According to TorrentFreak, the International Federation of the Phonographic Industry (IFPI) last week released their latest report, summing up the digital music landscape at the start of 2008. The IFPI claims in the report that for every legal music download, there are 20 illegal downloads taking place. Or in other words, illegal downloading is happening at a rate that is 20 times that of legal downloading. This, says the IFPI, lead to US$3.7 billion in industry losses. But there are some big holes in that claim.
I'm not going to argue that piracy doesn't causes losses for the industry -- I am very certain it does. But I do think that the recording industry is vastly overstating those losses and misleading the public. TorrentFreak lays out some of the reasons why illegal downloads should not be equated with lost sales.
- Not all P2P downloading is illegal. Some people may be downloading a digital copy of an album or single that they own, a practice called format-shifting that the recording industry has said they won't sue for (and theoretically exists within fair use guidelines).
- Do the numbers include fake MediaDefender files people are downloading? If a person downloads 5 fake tracks before finding the one they're looking for, is that 6 downloads or 1?

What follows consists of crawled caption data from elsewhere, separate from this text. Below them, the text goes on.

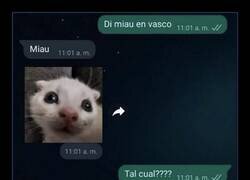 Enlace a Di miau, recibirás miau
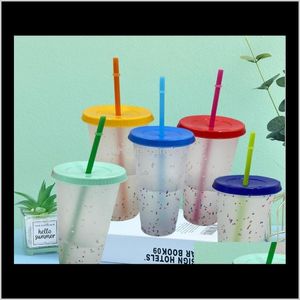 Tumblers Kitchen Ware Кухня, Бар Главная Гарден700 мл Обработка Цвета Чашка Confetti Plastic Cold Cold Water ST Кухонные Обеденные принадлежности Drop Доставка 20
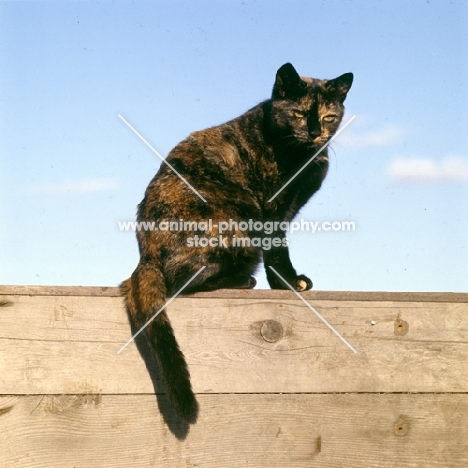 tortoiseshell non pedigree cat on a fence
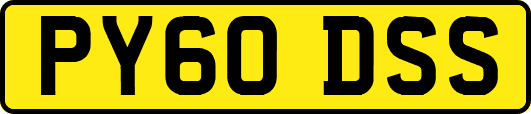 PY60DSS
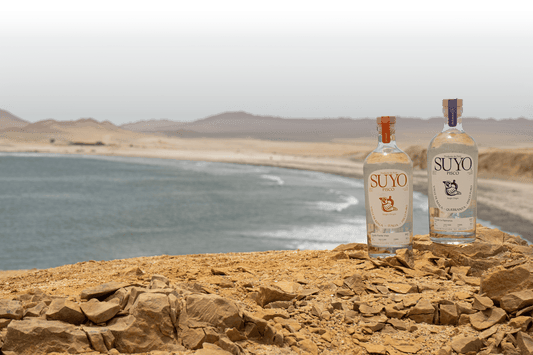 Pisco – eine Spirituose mit Geschichte und Herkunft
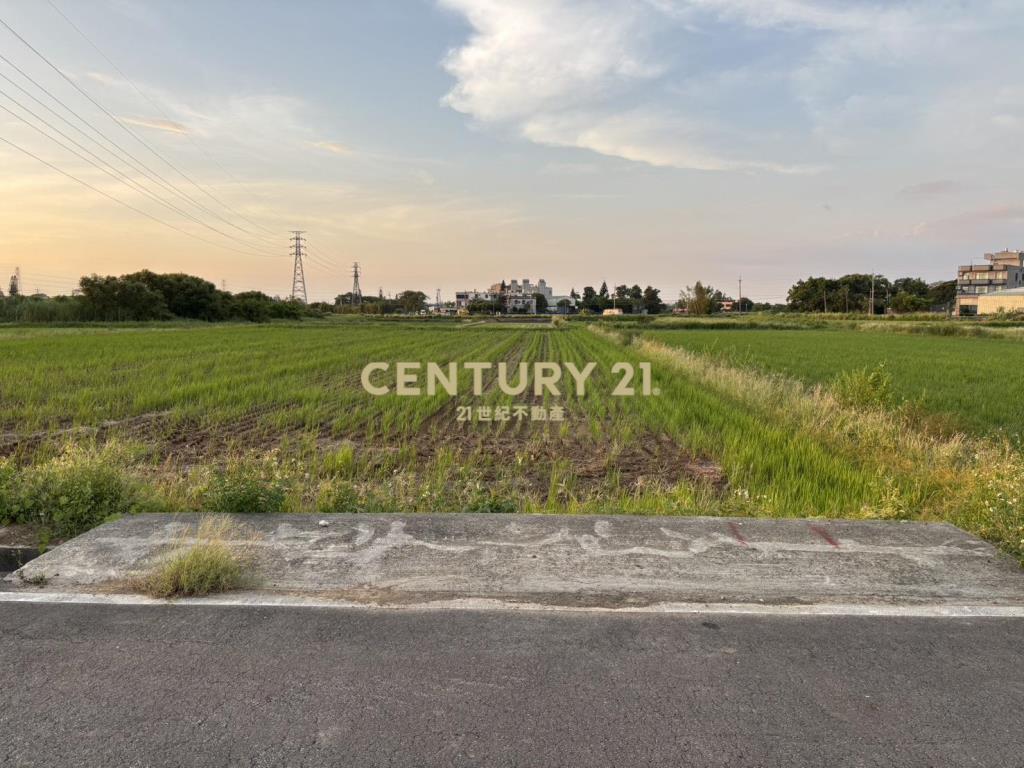 907坪上湖平坦農地
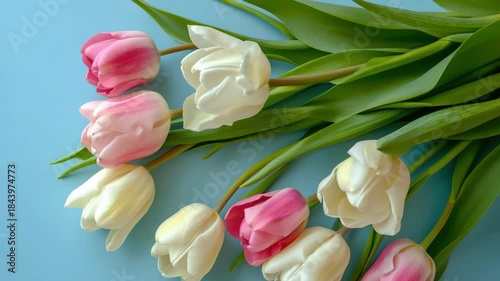 A bouquet of fresh tulips with various shades of pink and white, sitting on a blue surface against a grey background.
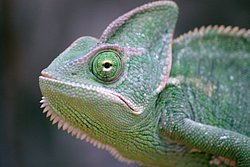 Jemenchamaeleon-03.jpg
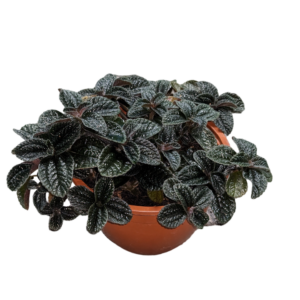 Pilea Mix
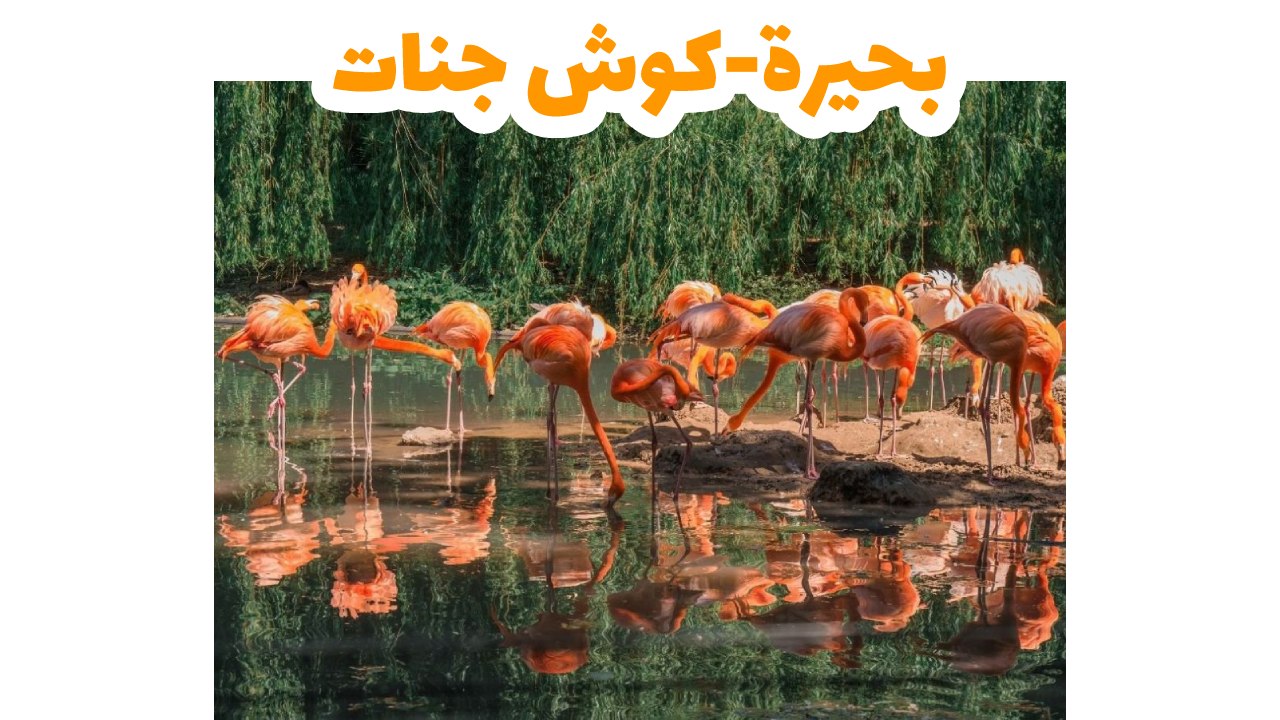 بحيرة-كوش-جنات-بورصة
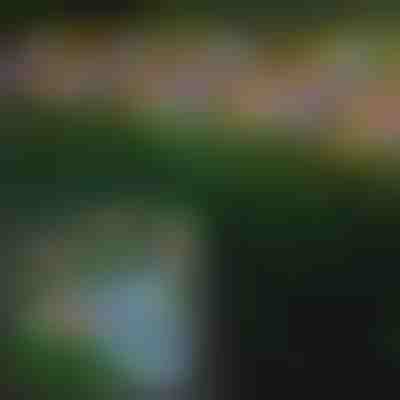 Zunanje solarne luči z metulji | FLUTIX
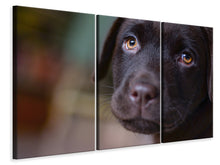 Laden Sie das Bild in den Galerie-Viewer, Leinwandbild 3-teilig Süsse Labrador Welpe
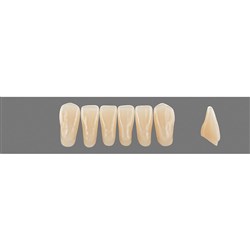 Vita Vitapan 3D, Lower, Anterior, Shade 1M1, Mould L15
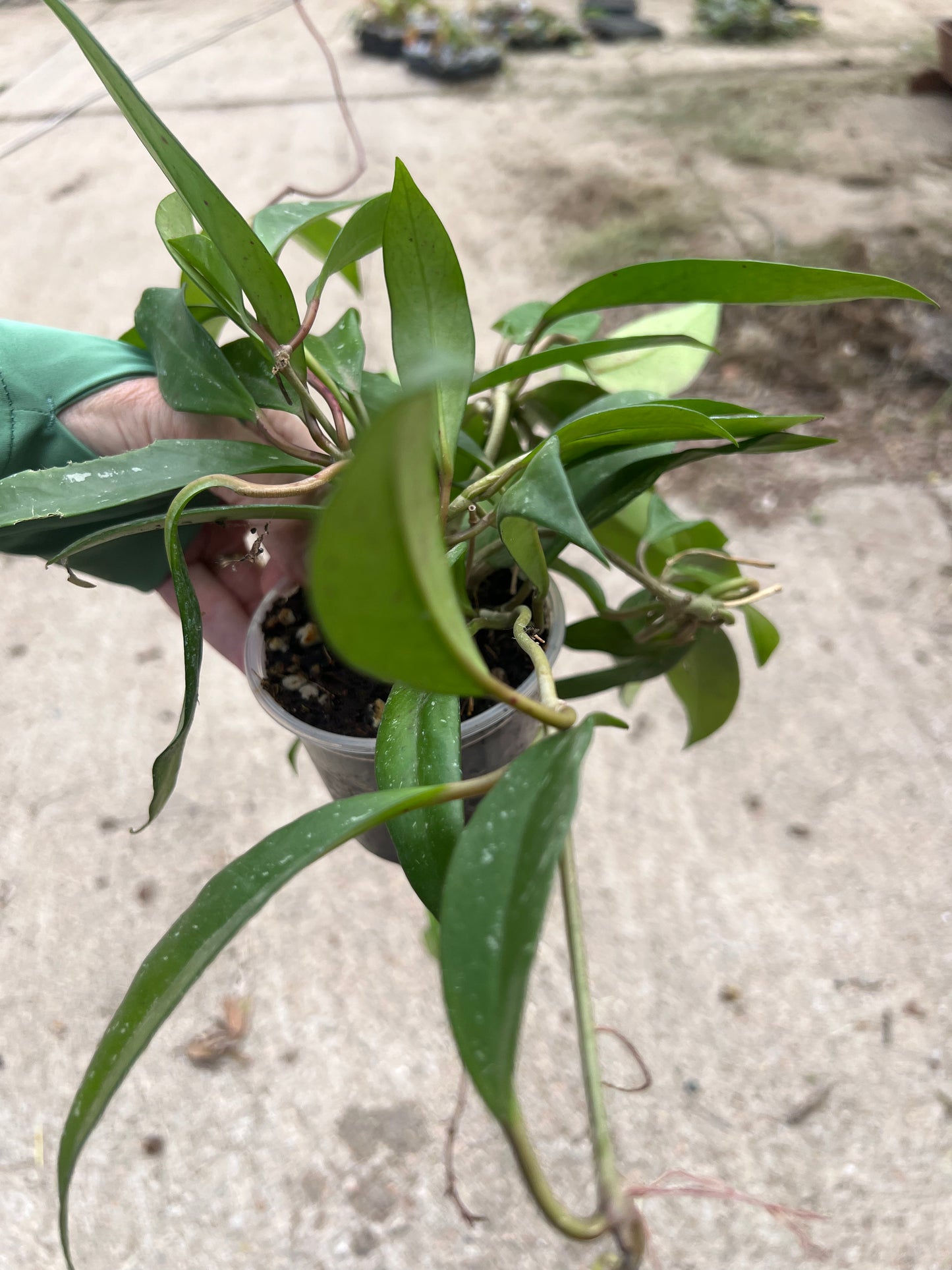 Hoya carnosa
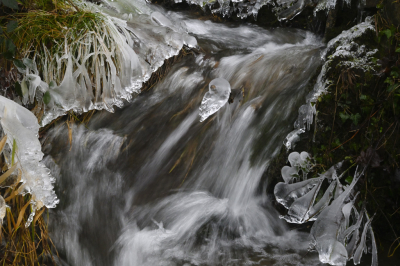 <i class='fa fa-user'></i>&nbsp;liesbeth van vliet&nbsp;|  IJspegels&nbsp; <i class='fa fa-eye'>&nbsp;93</i> &nbsp;<i class='fa fa-thumbs-up'>&nbsp;1</i> &nbsp; <i class='fa fa-comment-o'>&nbsp;4</i>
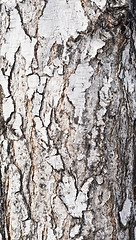 Image showing birch bark background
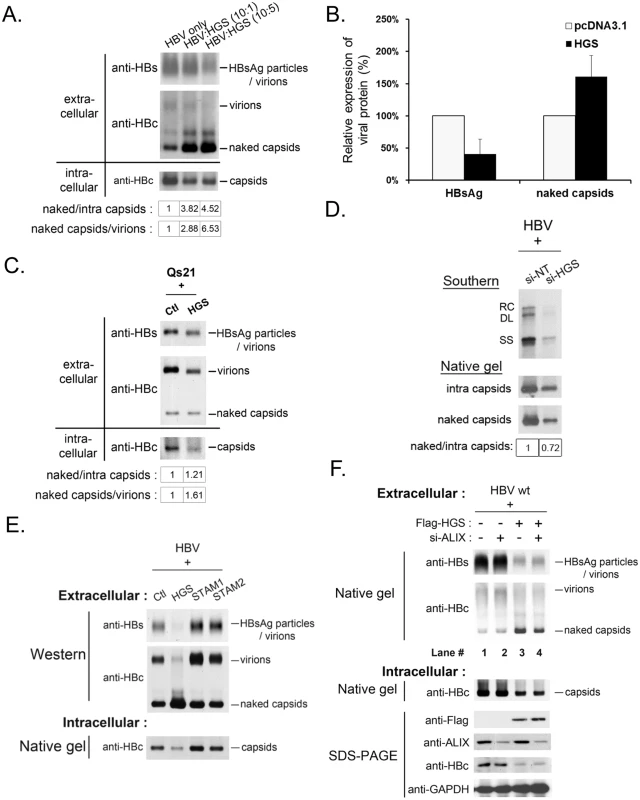 Overexpressed HGS stimulated the release of HBV naked capsid particles.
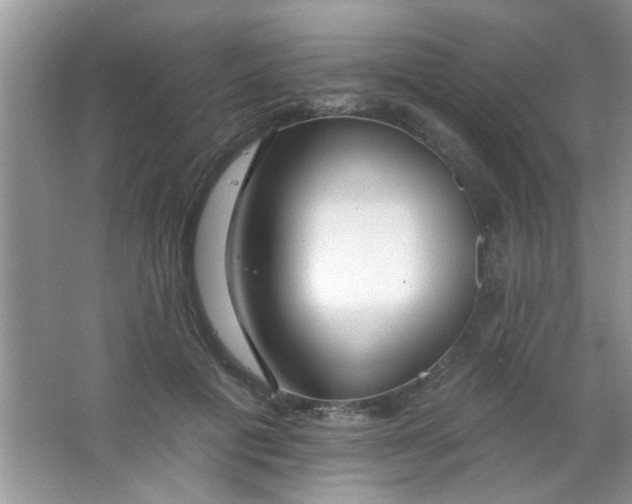 X0000063490601200602101835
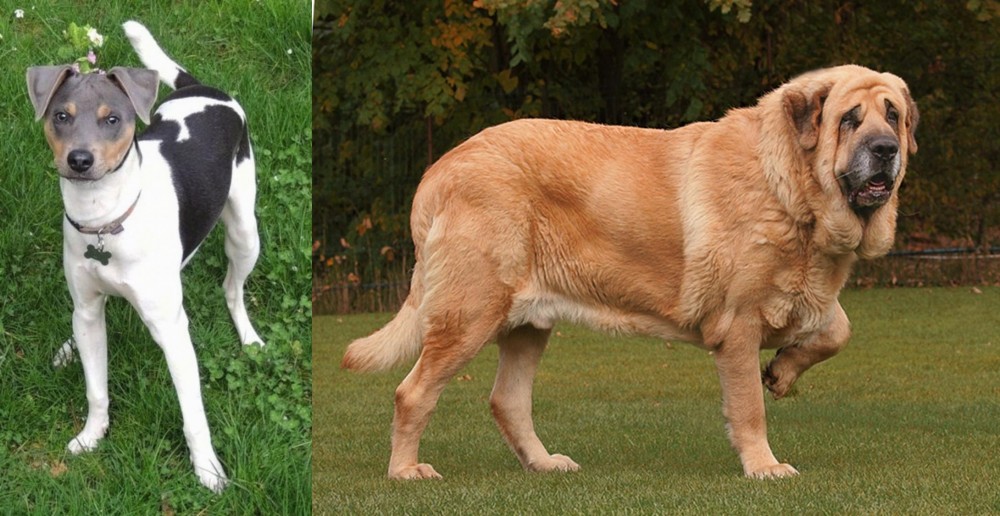 Spanish Mastiff vs Brazilian Terrier - Breed Comparison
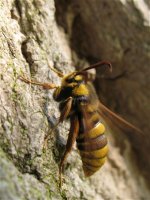 hornet_moth_24jun09_800p_20.jpg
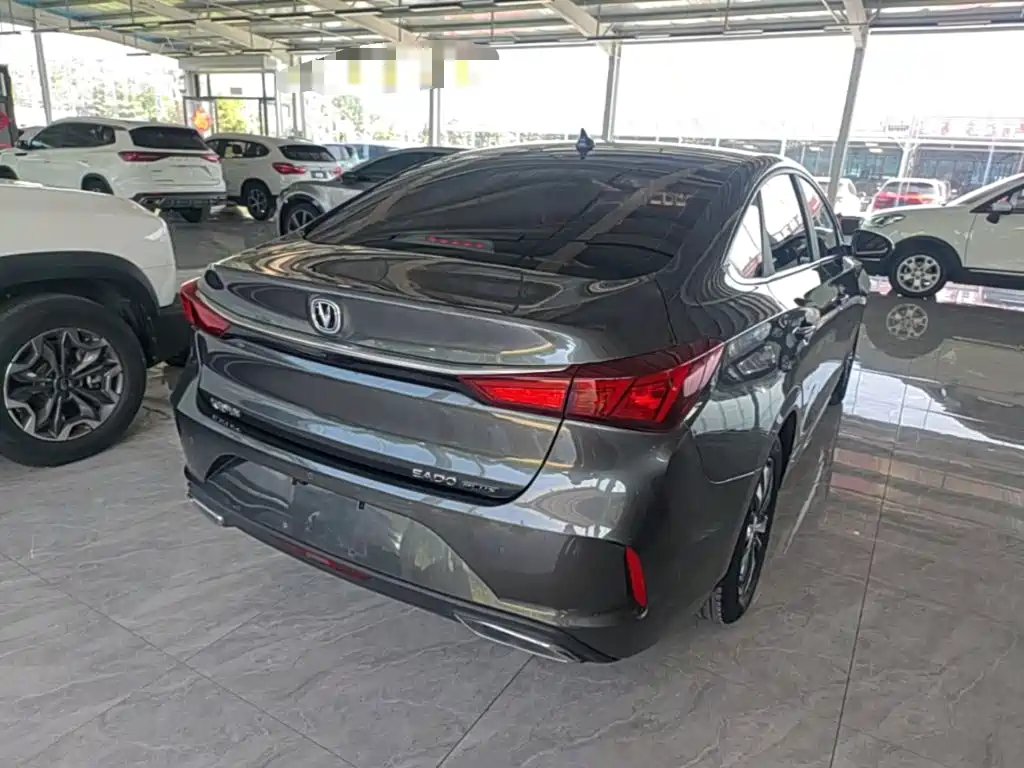 Фото 7 - Changan Eado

- Some people download solely to improve share ratio on BitTorrent sites, but don't actually have any desire for the files they're downloading.
- People are obsessed with discographies and might download an entire set of albums when they really only want one or two songs.
I would add that there is a fifth reason that TorrentFreak failed to mention, which is perhaps the most important reason why illegal downloads don't equate to lost sales. People download music they wouldn't pay for. Not all of the music people download from P2P networks is music that they would buy in stores or via legit download sites were the downloading option not available. Many times people download music that they hear in passing simply because they can, but not because they like it enough to buy it (in fact, it is precisely that they don't like it enough to buy it -- just enough to hear a few more times -- that they download via Kazaa or BitTorrent instead of pay for it).
In fact, I'd go so far as to guess that the majority of music people download via P2P networks is not music they would buy in stores. Further, a recent study showed that P2P downloading actually leads to more purchases of CDs in stores. We've set up a poll below to test that theory. For anyone who has ever downloaded music illegally via a P2P network, please respond to the anonymous poll below.
There was one thing the IFPI definitely got right in their annual report. "Progress in the digital music market is being hampered by lack of interoperability between services and devices," they wrote (emphasis mine), hinting that DRM that ties consumers to a specific devices or service is bad for the industry. This is something that consumers have long been aware of, and that the record labels are finally starting to catch on to.